After finding the line with "Bubbles Birthday Peonias", restate it and each remaining line of the material word for word, omitting every picture.

Records for this exercise:
+--

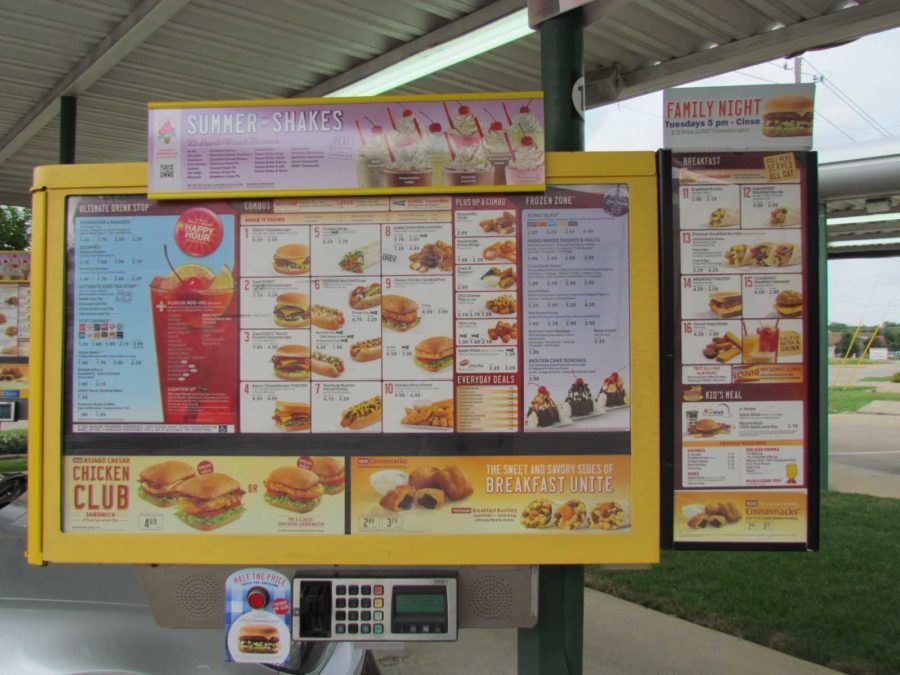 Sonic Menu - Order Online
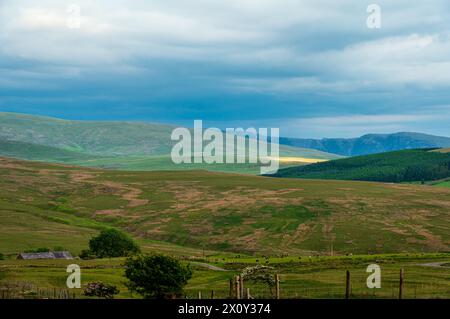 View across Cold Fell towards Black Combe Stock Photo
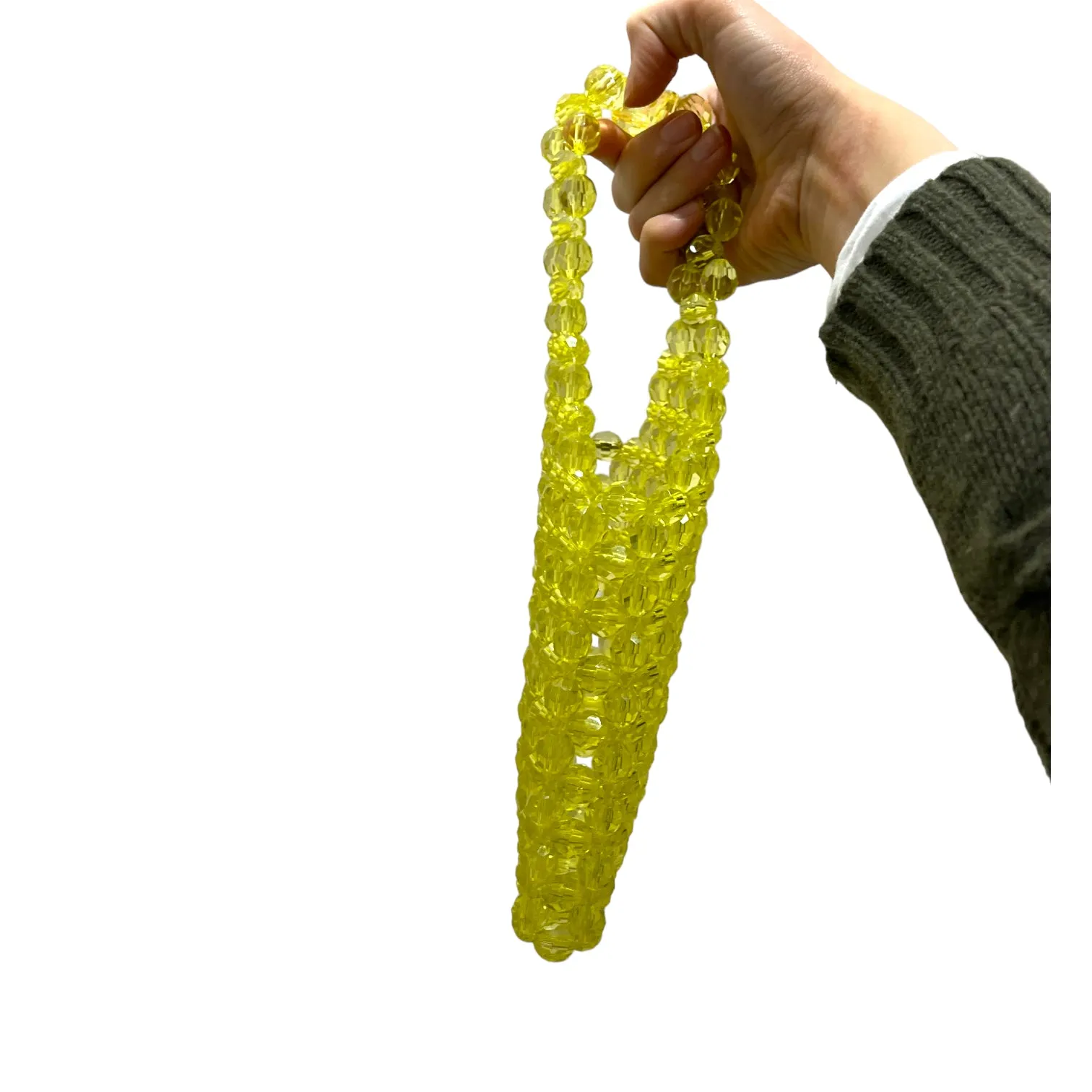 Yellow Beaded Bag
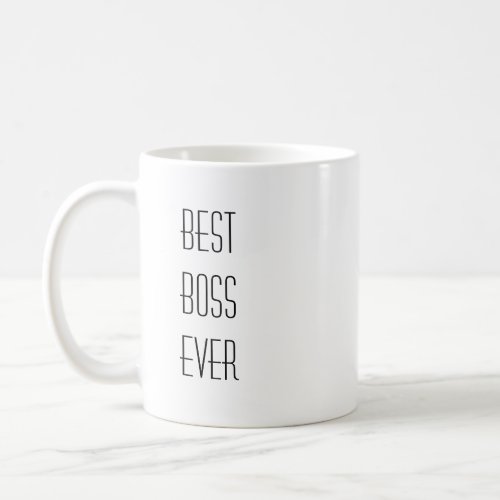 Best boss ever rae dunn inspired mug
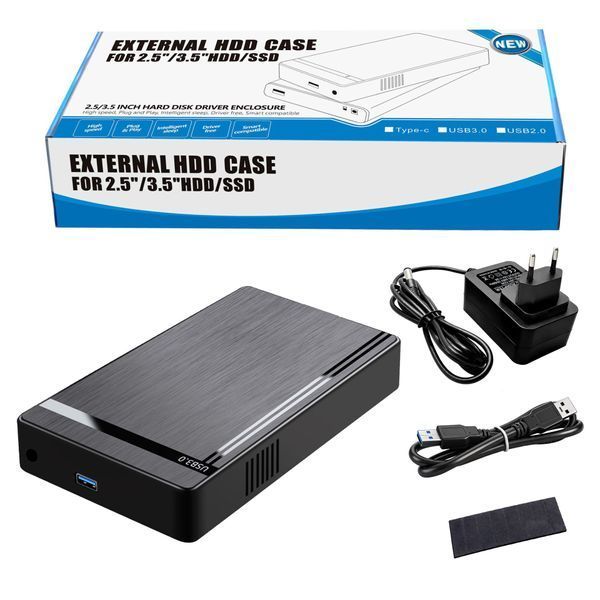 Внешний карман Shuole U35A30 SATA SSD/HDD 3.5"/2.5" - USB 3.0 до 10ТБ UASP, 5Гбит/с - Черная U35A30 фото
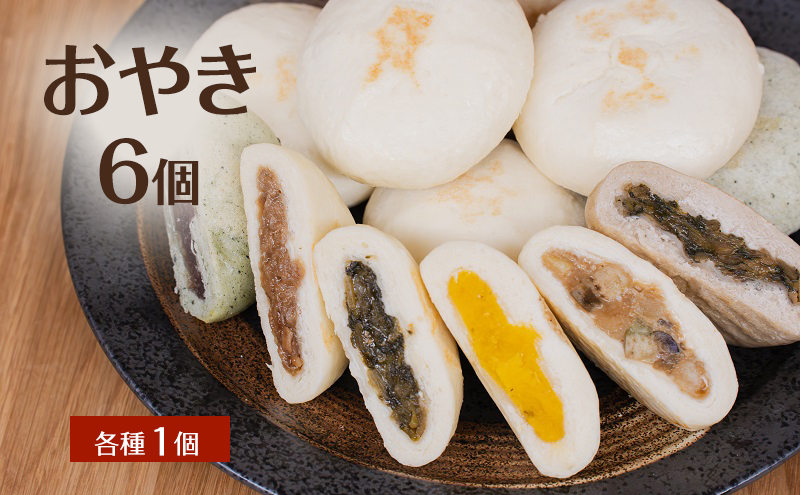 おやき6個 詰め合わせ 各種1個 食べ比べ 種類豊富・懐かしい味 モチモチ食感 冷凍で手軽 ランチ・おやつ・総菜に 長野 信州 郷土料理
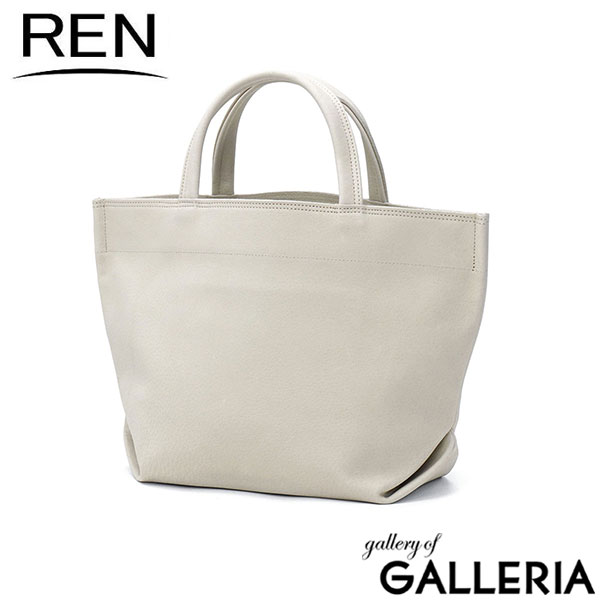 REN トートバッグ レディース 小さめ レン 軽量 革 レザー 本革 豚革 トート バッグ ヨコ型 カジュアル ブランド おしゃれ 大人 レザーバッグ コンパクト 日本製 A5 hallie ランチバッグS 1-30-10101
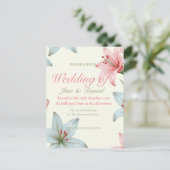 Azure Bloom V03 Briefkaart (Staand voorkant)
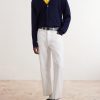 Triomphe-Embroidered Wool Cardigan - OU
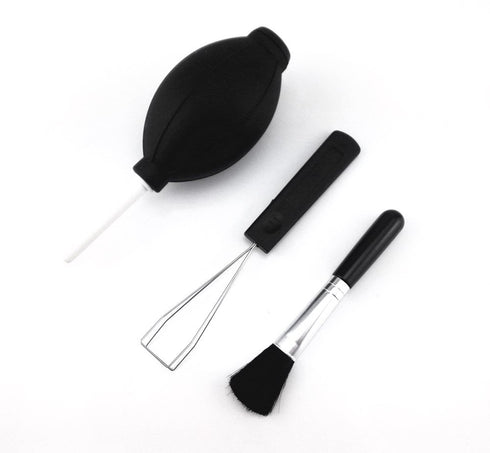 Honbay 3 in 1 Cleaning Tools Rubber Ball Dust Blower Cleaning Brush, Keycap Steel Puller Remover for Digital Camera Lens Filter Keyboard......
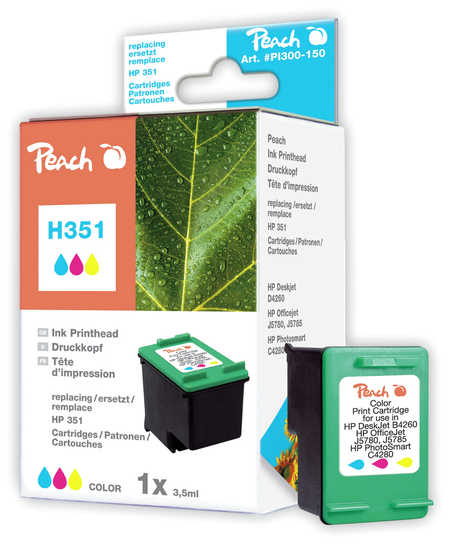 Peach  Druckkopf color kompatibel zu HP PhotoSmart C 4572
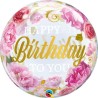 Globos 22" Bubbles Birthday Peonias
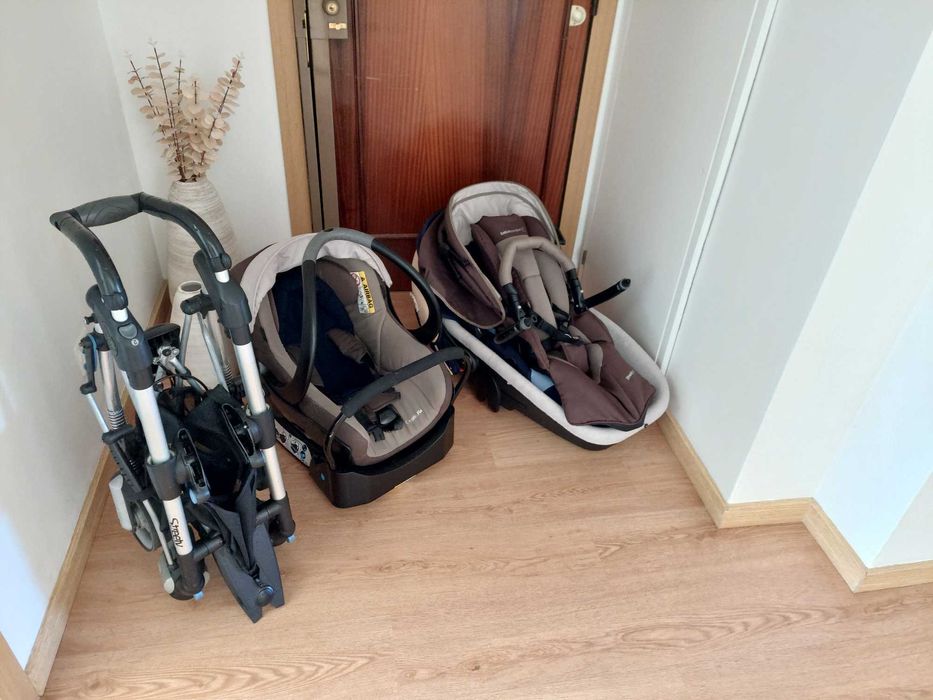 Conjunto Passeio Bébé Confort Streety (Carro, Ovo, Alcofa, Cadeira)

+--

Output for this exercise:
 Globos 22" Bubbles Birthday Peonias
 Conjunto Passeio Bébé Confort Streety (Carro, Ovo, Alcofa, Cadeira)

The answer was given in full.